* Task requirements:
The line containing "アボカド(50点)をスキムミ", plus every line that follows it to the end of the listing below, is what you transcribe exactly; omit all pictures.

* The records:

BEGIN

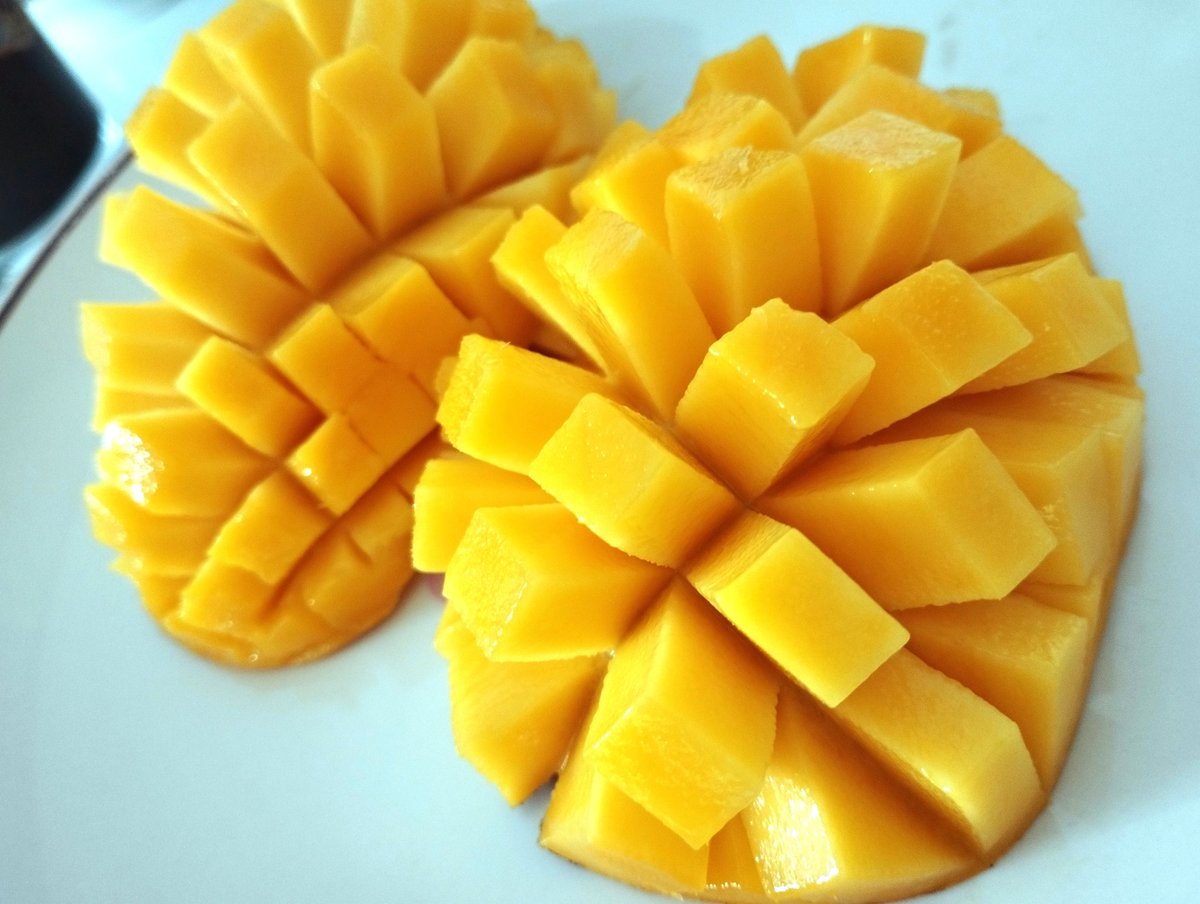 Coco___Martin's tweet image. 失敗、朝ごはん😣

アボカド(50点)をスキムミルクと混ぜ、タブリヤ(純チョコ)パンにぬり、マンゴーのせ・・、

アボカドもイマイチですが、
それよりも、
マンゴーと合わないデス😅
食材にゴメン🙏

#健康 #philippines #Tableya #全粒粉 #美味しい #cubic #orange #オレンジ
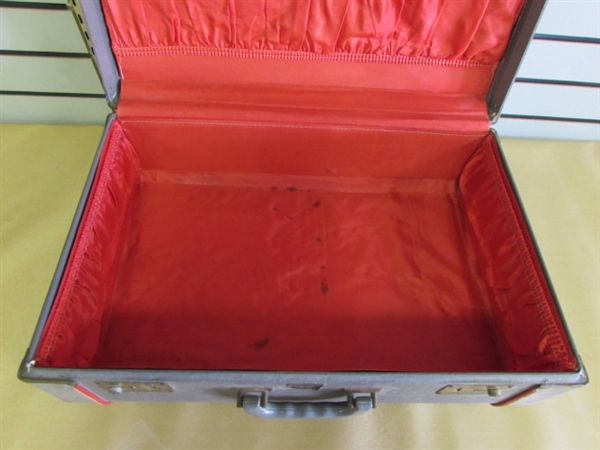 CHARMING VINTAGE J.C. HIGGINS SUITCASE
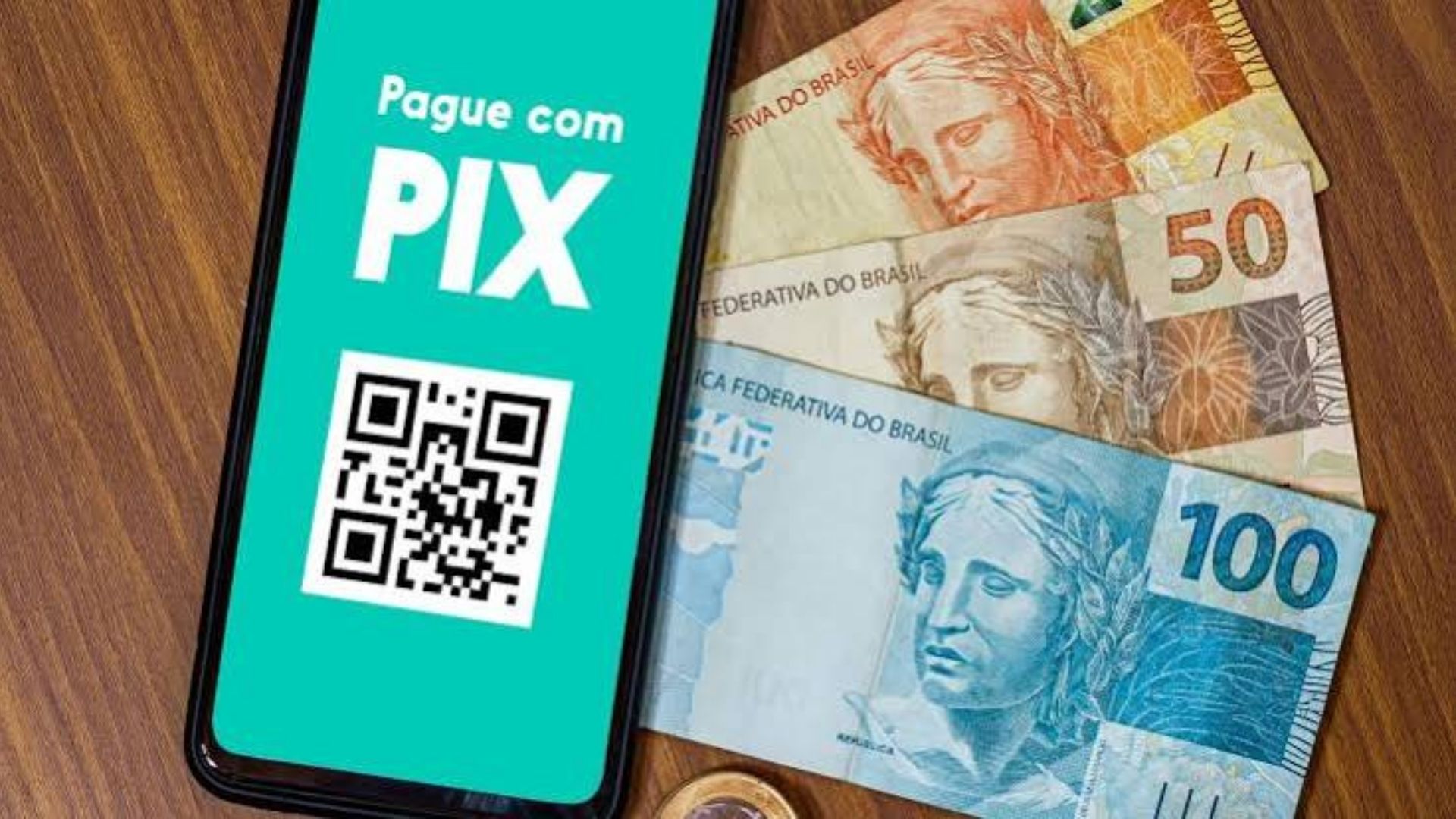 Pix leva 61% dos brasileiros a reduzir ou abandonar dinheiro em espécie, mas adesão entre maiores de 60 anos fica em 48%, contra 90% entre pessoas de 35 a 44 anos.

END

* Output below:
アボカド(50点)をスキムミルクと混ぜ、タブリヤ(純チョコ)パンにぬり、マンゴーのせ・・、

アボカドもイマイチですが、
それよりも、
マンゴーと合わないデス😅
食材にゴメン🙏

#健康 #philippines #Tableya #全粒粉 #美味しい #cubic #orange #オレンジ
 CHARMING VINTAGE J.C. HIGGINS SUITCASE
 Pix leva 61% dos brasileiros a reduzir ou abandonar dinheiro em espécie, mas adesão entre maiores de 60 anos fica em 48%, contra 90% entre pessoas de 35 a 44 anos.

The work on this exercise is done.